L'Intertextualité, mémoire
de la littérature
(Nathan,
« 128 », 2001)
(Extraits)
Une introduction
Ce livre-ci […]
n'est rien d'autre que la transcription d'un cauchemar
non moins fidèle, lui-même issu d'une
lecture hâtive et, je le crains, lacunaire,
à la lumière suspecte de quelques pages
de Borges, de je ne sais quel Dictionnaire des Œuvres
de tous les temps et de tous les pays.
Gérard Genette,
Palimpsestes, à propos de Palimpsestes.
Les analyses qui précèdent ont montré
combien l'examen de la notion d'intertextualité
engageait toute la réflexion sur la nature,
les dimensions et la mobilité de l'espace littéraire.
Il est surprenant de voir à quel point cette
notion paraît nécessaire à toute
caractérisation de la littérature, puisque
aussi bien il semble impossible de le faire sans renvoyer
à la façon dont celle-ci s'élabore
comme une champ autonome. Et quoi de plus révélateur,
pour la constitution de cette autonomie, que la référence
que la littérature ne cesse de faire à
son propre univers.

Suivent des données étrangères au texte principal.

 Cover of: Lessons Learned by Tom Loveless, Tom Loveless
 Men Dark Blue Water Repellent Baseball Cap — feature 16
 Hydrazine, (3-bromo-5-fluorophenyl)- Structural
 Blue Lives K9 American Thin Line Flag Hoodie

Au point que le jeu de la référence
– la façon dont la littérature
renvoie à elle-même – semble toujours
contredire celui de la référentialité
– le lien de la littérature avec le réel.

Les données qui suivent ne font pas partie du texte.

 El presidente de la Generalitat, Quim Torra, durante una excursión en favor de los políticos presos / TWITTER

Comme dans le fameux dessin fictionnel de la bibliothèque
de Babel, un univers-bibliothèque abolit tout
contact avec une extériorité et ne témoigne
plus que de lui-même. C'est la leçon
de la fable borgésienne : la bibliothèque
est la sphère qui contient la sphère
sans laquelle la bibliothèque n'existerait
pas. Le trajet par lequel, dans ce texte, aucun terme
– de l'univers et de la bibliothèque
– n'est plus important que l'autre est permis
par l'absence d'intelligibilité de l'un comme
de l'autre. Dès lors, la fin que se propose
la littérature ne paraît pas de se constituer
en reflet du monde mais de souligner que son intelligibilité,
dont la saisie est toujours reculée, pourrait
se situer quelque part, toujours au-delà des
possibles du texte, pourtant nombreux.